On the last Monday and Tuesday of June, 19-year-old Brooklyn native King Princess (Mikaela Straus) sold out two consecutive shows at Elsewhere in Williamsburg. Despite the fact my Tuesday night ticket was a hot commodity, I debated selling it. I mean it was a Tuesday, it was sweltering-hot outside, and I’d have to trek all the way to Williamsburg (a neighborhood quite inaccessible from just about any other area in Brooklyn). 

Beyond those mild inconveniences, I’m not obsessed with King Princess’s music. “Talia” is the only song from her June 2018 debut EP Make My Bed that really sticks in my head. This is partly because pop isn’t my go-to genre — it takes a mighty gem like “Cut To The Feeling” by Carly Rae Jepsen or Lorde’s Melodrama to really get me —  but in the few months since her debut hit single “1950,” it’s clear that  King Princess isn’t just another budding bubblegum star, but a bonafide queer pop icon. 

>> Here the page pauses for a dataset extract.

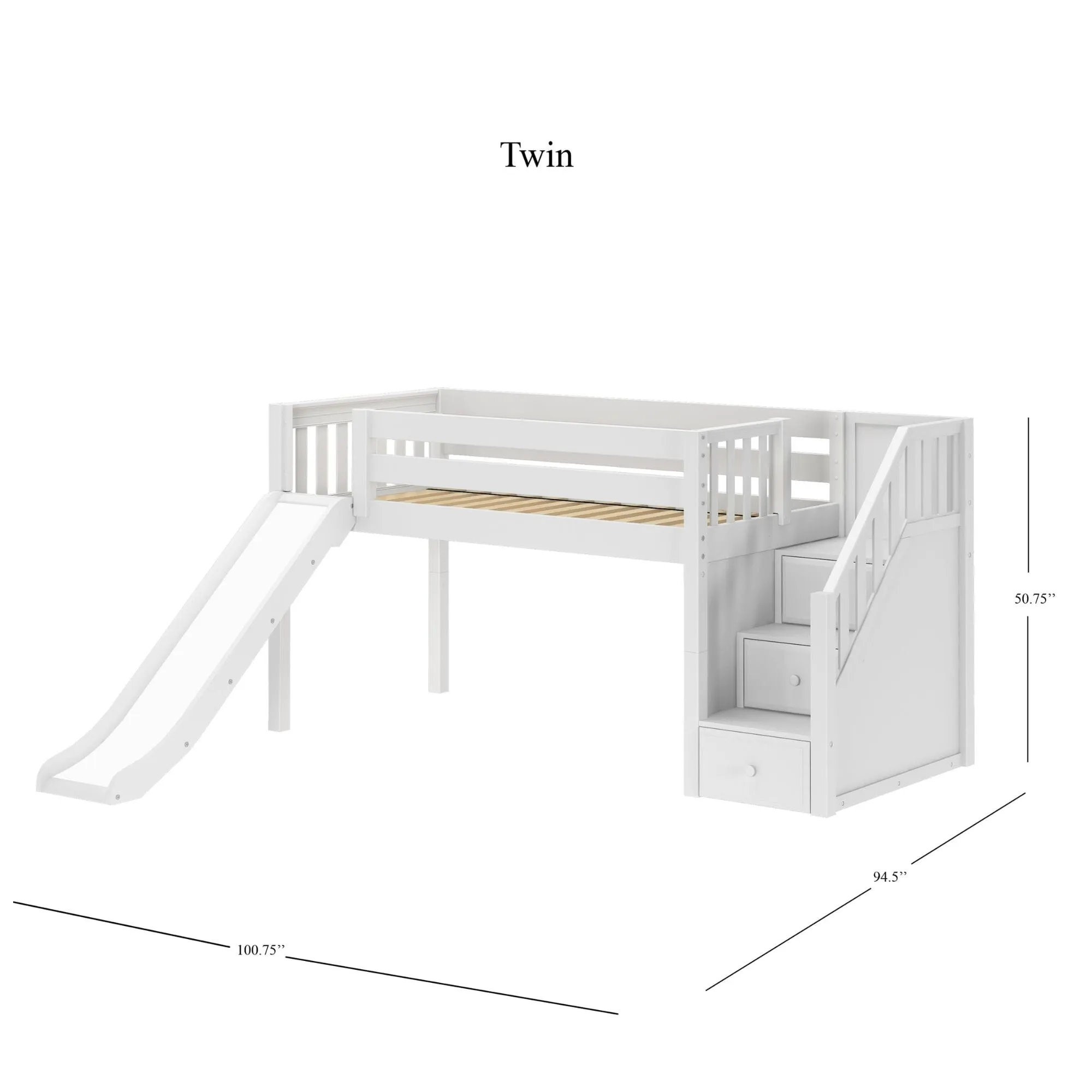 Twin Low Loft Bed with Stairs and Slide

She’s not alone in this role. The 2018 music scene has rightfully been deemed #20GayTeen on social media (see Hayley Kiyoko , Janelle Monae and Troye Sivan, to name a few), and as a queer woman coming off of heels of Pride Month in New York City, I can’t tell if I feel flattered or fetishized by the recent, rapid embracing of gayness from mainstream music and brands alike. But regardless of the moment we’re living, it was, indeed, King Princess’s gayness more so than her music that told me to hold onto my ticket and see her live. Whether I named it or not at the time, I wanted to be within the crowd of a community cultivated around queer music. 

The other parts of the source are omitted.